By Kathryn Stocks
It only takes a few minutes with Clara Campbell Lahmer to realize that she is a delightful woman who is still amazingly with it considering she was getting ready to celebrate her 106th birthday on January 1. She has such a cheerful, positive attitude toward life that she was a joy to interview. She wasn’t great on dates and her hearing is going, but she held her own when talking about her long life.
Clara was born in Edmonton, Alberta, in 1912. Her mother was a nurse and her father was with the Hudson Bay Co. Both parents came from the U.K. but didn’t marry until they got to Canada. They moved to Toronto when Clara was very young.
Clara grew up wanting to be a nurse liker her mother, but at 17 she was told she was too young for that profession and should come back when she was 21. So she became a teacher instead. It was a job she loved and she taught for 43 years before retiring. She was only supposed to teach for 40 years but she was asked back twice. Clara taught mostly at Norway Public School but also at Palmerston and Kent.

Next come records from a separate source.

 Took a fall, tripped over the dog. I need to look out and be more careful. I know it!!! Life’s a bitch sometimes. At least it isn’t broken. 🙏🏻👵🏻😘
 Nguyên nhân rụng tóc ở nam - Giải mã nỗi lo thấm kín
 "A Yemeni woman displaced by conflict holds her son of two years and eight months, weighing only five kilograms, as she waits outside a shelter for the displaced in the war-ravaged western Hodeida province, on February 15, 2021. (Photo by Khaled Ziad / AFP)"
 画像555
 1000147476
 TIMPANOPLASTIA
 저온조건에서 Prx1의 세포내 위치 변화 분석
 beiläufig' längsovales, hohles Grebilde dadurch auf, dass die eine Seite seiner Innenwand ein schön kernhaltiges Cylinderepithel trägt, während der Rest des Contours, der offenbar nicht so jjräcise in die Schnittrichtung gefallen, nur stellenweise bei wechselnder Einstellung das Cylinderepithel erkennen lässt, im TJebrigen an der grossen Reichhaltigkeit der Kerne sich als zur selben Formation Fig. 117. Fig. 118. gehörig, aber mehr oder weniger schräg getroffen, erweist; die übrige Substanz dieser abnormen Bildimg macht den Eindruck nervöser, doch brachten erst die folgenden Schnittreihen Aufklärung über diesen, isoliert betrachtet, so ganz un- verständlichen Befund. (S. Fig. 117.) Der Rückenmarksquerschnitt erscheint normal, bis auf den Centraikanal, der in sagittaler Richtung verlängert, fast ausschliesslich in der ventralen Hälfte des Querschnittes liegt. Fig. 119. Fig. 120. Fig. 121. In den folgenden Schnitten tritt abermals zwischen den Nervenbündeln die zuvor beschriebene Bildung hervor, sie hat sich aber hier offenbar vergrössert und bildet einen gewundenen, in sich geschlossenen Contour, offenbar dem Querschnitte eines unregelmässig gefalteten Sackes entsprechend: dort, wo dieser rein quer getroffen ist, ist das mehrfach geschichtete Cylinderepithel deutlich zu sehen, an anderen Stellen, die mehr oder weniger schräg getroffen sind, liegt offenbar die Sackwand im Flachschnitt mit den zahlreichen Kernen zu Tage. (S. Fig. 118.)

Her first class was a D class, meaning she had to teach the students with the most problems. But Clara must have been very good at her job because when it came to testing, her kids came out on top. She remembers spending $60 to buy workbooks for her class. “I didn’t really have $60 to spend but I did it anyway and it paid off.” It’s amazing to think that Clara’s first years of teaching would have been during the Great Depression.
Clara was never a pushover with her students. Once she saw one of her kids driving by in a car with a group of others, none of whom were old enough to drive. The police had to report him so Clara went to the jail, too. She got him out, but didn’t tell his father since the boy was only 9 and would have been punished harshly. “I didn’t comfort him, by the way. I said, ‘Don’t you ever take a ride again. Use your feet!’ ”
In 1967, she took 42 students to Expo 67 in Montreal. She had doubts about taking one particularly difficult boy so his mother came along to help her. Clara recalls him riding down the escalator arm while his mother was watching from the top. She was furious at both of them. “His mother nearly caused my death from heart failure!”
Later in life Clara married Albert (Bert) Lahmer, an engineer, artist and photographer. They had no children but they travelled the world during their years together. Bert had a house built on Haviland Drive in the Centennial area and they lived there for many years. Clara enjoyed life on Haviland and welcomed neighbourhood kids when they played in her yard. She and Bert started going to Grace Presbyterian Church during that time, which she said is “a very friendly church.” People she met there still visit her. She never drove a car but she said her neighbours were very helpful in getting groceries after Bert died.
A photo of Ctara taken when she was a young woman shows an exceptionally beautiful face. Time has taken away some of that outer beauty but her inner beauty remains, along with the sparkle in her eye and the giggle in her laugh. Living now at Cedarbrook Lodge Retirement Residence on Markham Rd., Clara speaks positively about the place. “They take good care of you here.” After a lively 90-minute interview, other centenarians would be exhausted. But not Clara. She was ready for lunch!